One solution is to use file system encryption that is independent of H2.
But please note at some point you would have to provide the (database file or file system) password. This could be when starting the server (prompting for the password to be entered manually). Unfortunately, because somebody would have to enter the password, you couldn't fully automate starting the server.
One clever approach I've heard of is to write a simple webservice that blocks all sites but your webapp's server. Use SSL with certificate-based authentication.
This webservice provides the encryption key.
It sounds really stupid since it seems to provide the key without authentication but the certificate-based authentication covers that. It provides encryption of the key during transit (and if you're really paranoid you could use a shared key to wrap the database key). It can only be called from the webapp's server and it's a lot harder to trigger a webservice call than to do SQL injection or even looking at the filesystem.
If your risk model allows it you could even run this webservice on the same box as your webapp.
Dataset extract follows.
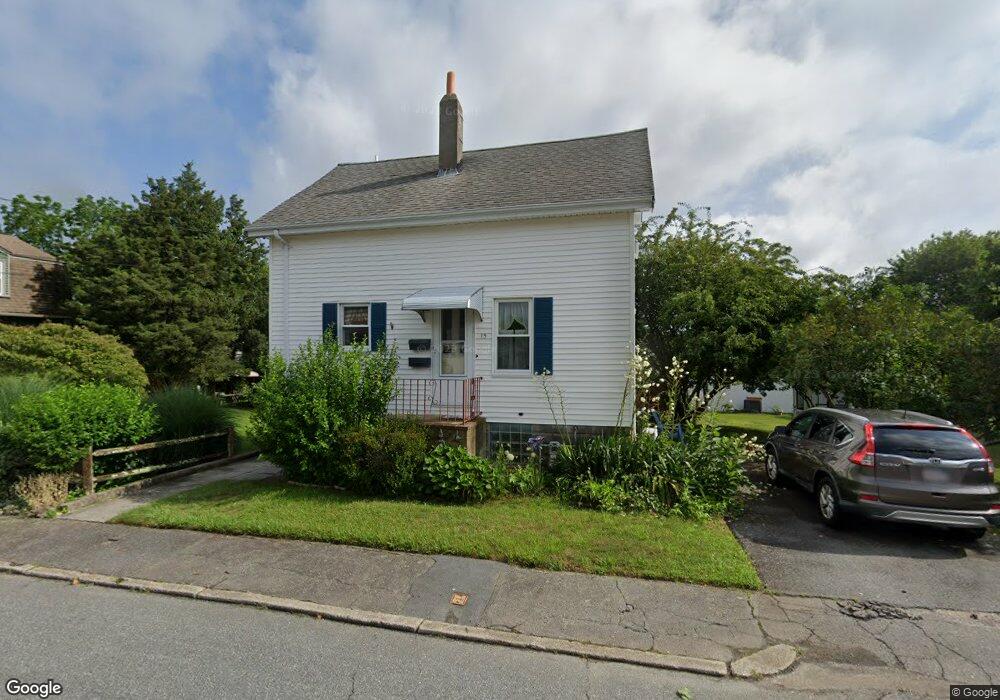 15 Arnold St, South Dartmouth, MA 02748 - photo 1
A second approach, if you have the necessary permissions, is to create a virtual disk. Put the key on the virtual disk.
During startup you mount the virtual disk, read the encryption key, then unmount the virtual disk. In some designs you could drop the operating system permissions that allow you to mount the virtual disk - it would then be literally impossible for an attacker to read the key via your webapp.
This comes from a much older strategy that read sensitive information from a CD-ROM (or even floppy disk). The app would read the key and then eject the media. It works but requires manual intervention to reload the media before the next restart. It also doesn't work in modern environments where servers don't have CD-ROMs, much less floppy drives.